The cost and injury frequency data included in Table 3.2 was the first published information on the costs of airline baggage handler back injuries across a reasonable sample of the global industry. This study showed the costs compensation, medical expenses and rehabilitation in 16 major airlines to be US$17.6m, US$23.6m, US$21.7m in the three years 1992 to 1994. Culvenor (2004) reported that Qantas alone had baggage handler back injury costs, for compensation alone, of over US$10m (A$14.1m) over 6 years '97 to '03. On average this would account for around US$5m in a 3 year period, around 30% of the total for sixteen major airlines just five years earlier.

Clearly, the costs associated with baggage handler injuries have been escalating.

The Lost Time Injury Frequency Rates (LTIFR) calculated from data captured in this study returned rates forty times worse than best practice as it was at that time. World’s best practice organisations, for example Du Pont (Brock 1996) and ICI Australia (ICI Australia 1996) consistently experienced LTIFRs below 1.0. This project found that injury frequency rates amongst the baggage handlers were consistently above 40.
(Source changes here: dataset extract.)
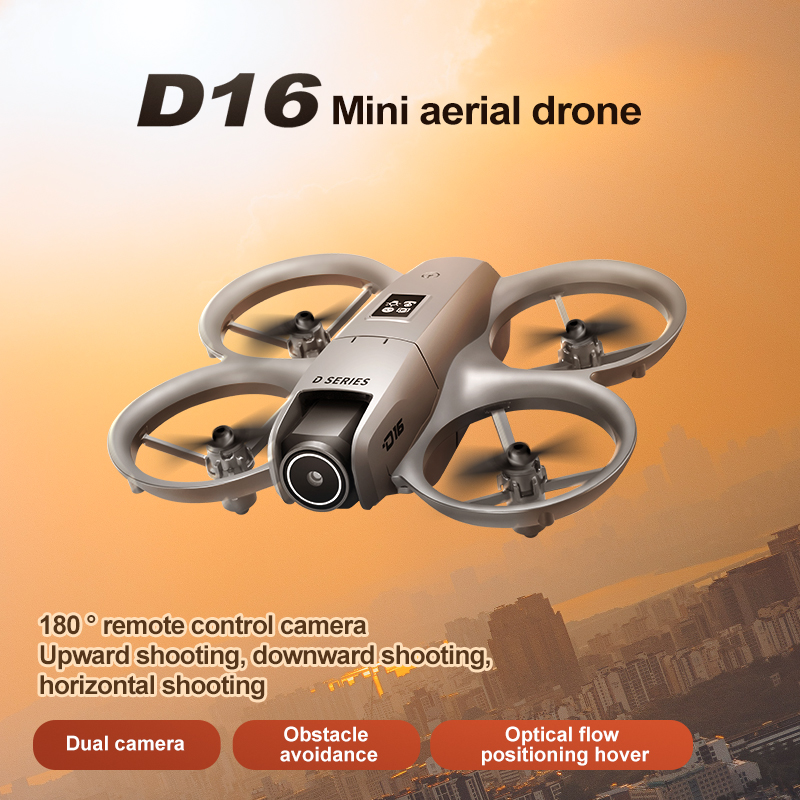 Drone GPS Lenovo D16 8K Aéreo  - Rc Helicopter Charger avaliação e preço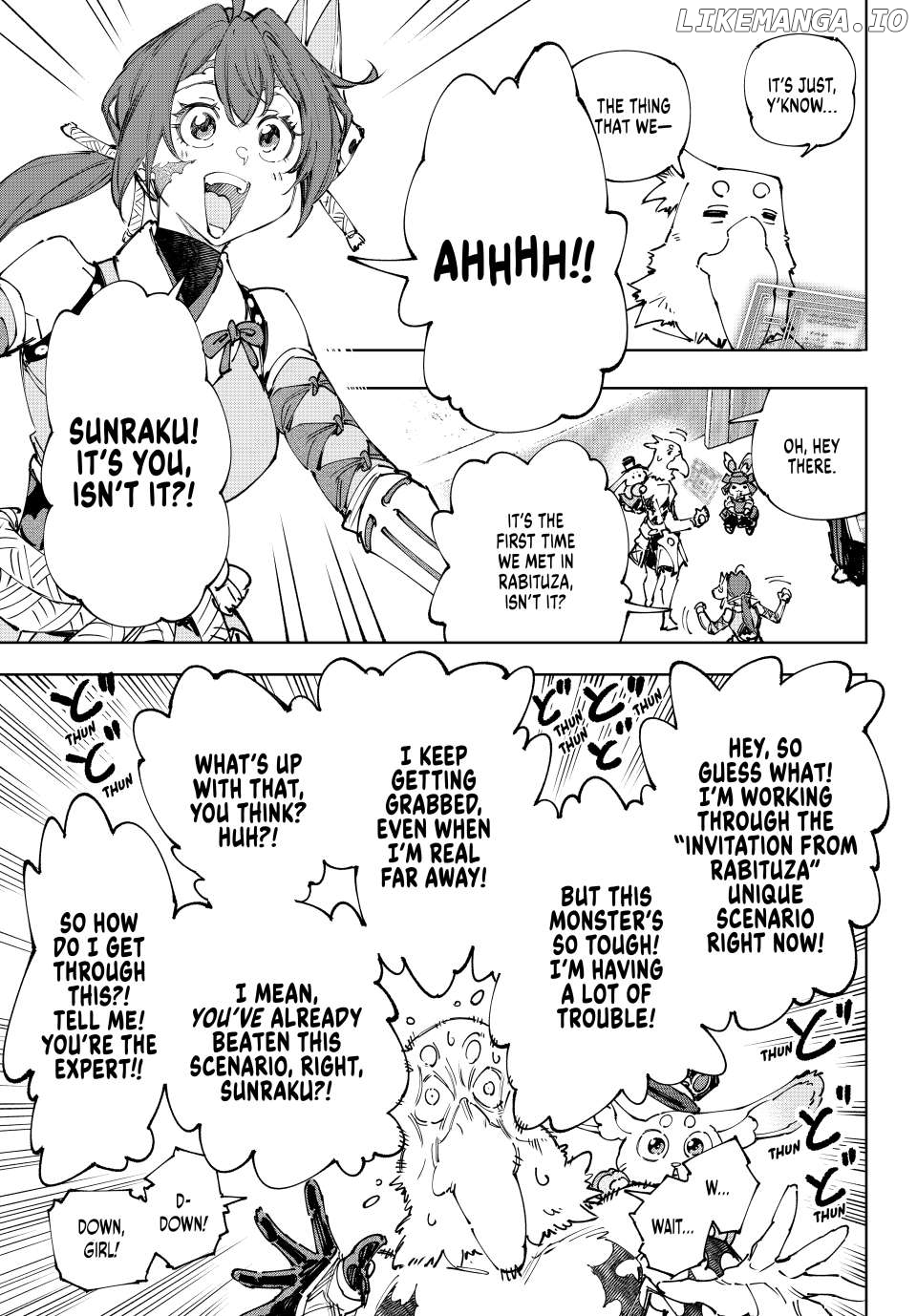 Read Shangri La Frontier Kusoge Hunter Kamige ni Idoman to su EN Manga Online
Without the need for any further research, these consistently high incident rates should have been evidence enough that the traditional methods of prevention were inadequate.

More recently, others have published corroborative information about the magnitude and cost of baggage handlers injuries (see for example Korkmaz et al (2006), Tapley and Riley (2005), and OAIEA (2004)).

In this study, there was considerable consensus between the safety managers and the baggage handlers on a range of issues surrounding the causes and prevention of back injuries in the baggage handler workforce, as Table 4.1 shows. Narrow-body aircraft baggage compartments were considered by both groups to be the highest risk working environment and stacking of baggage in narrow-body aircraft was the task considered to be highest risk of back injury most often by both safety managers and baggage handlers alike.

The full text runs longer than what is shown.